Kingsley: Poema de Parmênides – 6

Resumo de KINGSLEY, Peter. Reality. Inverness: The Golden Sufi Center, 2003, p. 83-92.

Usando neste fragmento a mesma linguagem que anteriormente, inclusive a frase que se repete: “o que existe para pensar”, assim como a desafiante charada sobre a não-existência do que não é.

A expressão “pondere isto” não é uma linguagem de debate intelectual, mas uma fórmula falada na Grécia pelos oráculos depois de dizer algo obscuro.

Um terceiro caminho aparece, no entanto, além do caminho da existência e da não-existência. Ou seja, primeiro o grande sim para tudo, então o grande não. A gora nos é apresentada um figura de pessoas que misturam os dois caminhos e criam um fantástico terceiro caminho, que perambula na existência mas ainda sustentando um opção na não-existência, que passam suas vidas tanto no sim como no não; o que resulta no caos.

A referência da deusa a “mortais” quer dizer a humanidade como um todo, ou “todos aqueles que estão não familiarizados com o divino”; “que inconscientemente ficam confusos em contradições porque tomam o mundo cambiante por realidade verdadeira”; que apenas veem suas circunvizinhanças diárias mas não podem ver através delas”.
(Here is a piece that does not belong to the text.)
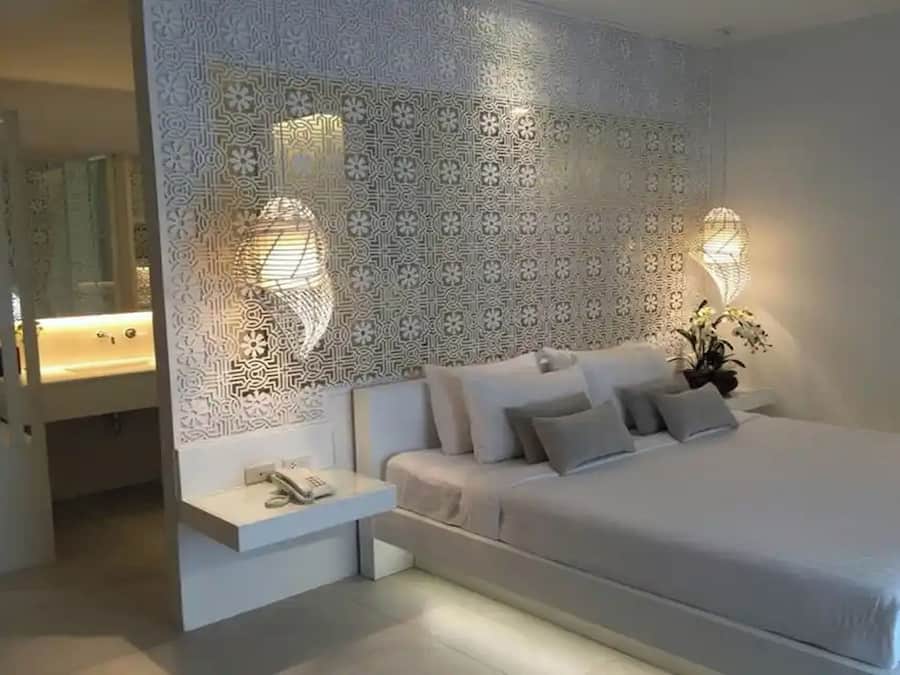 Deluxe Double Room | In-room safe, desk, blackout drapes, iron/ironing board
Assim, o poema descreve a nós: não nos damos conta do óbvio; nada sabemos sobre nós mesmos; somos tão confusos que não reconhecemos da descrição de nossa confusão. A acusação comum de que ele criticava outro nesta passagem, Heráclito como alguns imaginam, é absurda pois a crítica é claramente com relação à nossa condição enquanto mortais.


A descrição que faz de nós mesmos é pontuada de humor, ao mesmo tempo. A principal imagem que usa para dar uma ideia de como nós mortais vivemos nossas vidas é: “a inépcia em seus peitos é o que dirige suas mentes vagabundas”. O humor fica claro se entendermos que a palavra grega usada para nossa tradução “dirigir” tem o sentido de “direção reta” — condução reta, manter-se habilmente em curso preciso sem desvios. Logo, dirigir e vagabundear são opostos na mesma frase.

Por outro lado, nossa inépcia é o que faz a direção, pois nos dá a ilusão que estamos realmente em controle embora tenhamos perdido qualquer sentido de direção a muito tempo. É isto que Parmênides quer nos dizer: estamos perdidos e, no entanto, nos achamos em controle de nossa direção. O que vem ao encontro da colocação anterior, feita pela deusa, da necessária decisão entre dois caminhos, seguindo aquela direção decidida de modo reto. Mas, estamos em cursos autocorretivos indo a lugar nenhum.

O vocabulário usado por Parmênides para evocar nosso estado de “perdição” faz apelo a uma palavra chave no pensamento grego: “metis”. Esta era a palavra que os gregos usavam para astúcia, habilidade, inteligência prática; e especialmente para esperteza. Metis era o que poderia fazer humanos, em seu nível mais básico, igual aos deuses. Longe de ser um conceito, metis significa uma qualidade particular de intensa consciência que sempre consegue se manter focada na totalidade: a espreita de dicas, mesmo sutis, para se guiar em qualquer forma que se tome, por sinais no caminho a seguir por mais fugidios possam aparecer ou desaparecer.

No mundo da metis não há campo neutro, segunda chance. Quanto mais se toma parte nele mais se descobre que tudo, inclusive a tecedura da realidade ela mesma, é enganadora, é ilusão. Ou se está alerta ou se está em perdição. Não há pausa para descanso, ou hesitação, entrementes.

Parmênides escolheu a palavra “inépcia”, ao invés de qualquer outra, para evocar a condição humana. Em grego a palavra é “amechania” — que literalmente significa “sem manha”. Era usada para descrever pessoas que foram enganadas e capturadas, sobrepujadas, que estão privadas de quaisquer recursos em uma situação de perdição. Assim refere-se com perfeição ao resultado de uma total falta de metis.

Então Parmênides fala de “direção”, o que qualquer grego, seu contemporâneo, sabia que para dirigir cavalos ou um coche — ou um barco através do oceano — era por meio de metis. Para ser capaz de dirigir se devia conhecer todas as artimanhas do caminho ou do mar, ser vigilante, completamente no momento presente. Permitir sua mente divagar não é possível nesta situação. Sempre é uma questão de manter os olhos no caminho adiante; atento a avisos e acima de tudo por algo que pudesse servir de sinal. Mas também era uma questão de se pôr à escuta, estar totalmente alerta em todos os sentidos. Mesmo um minuto de surdez ou cegueira poderia ser a perdição.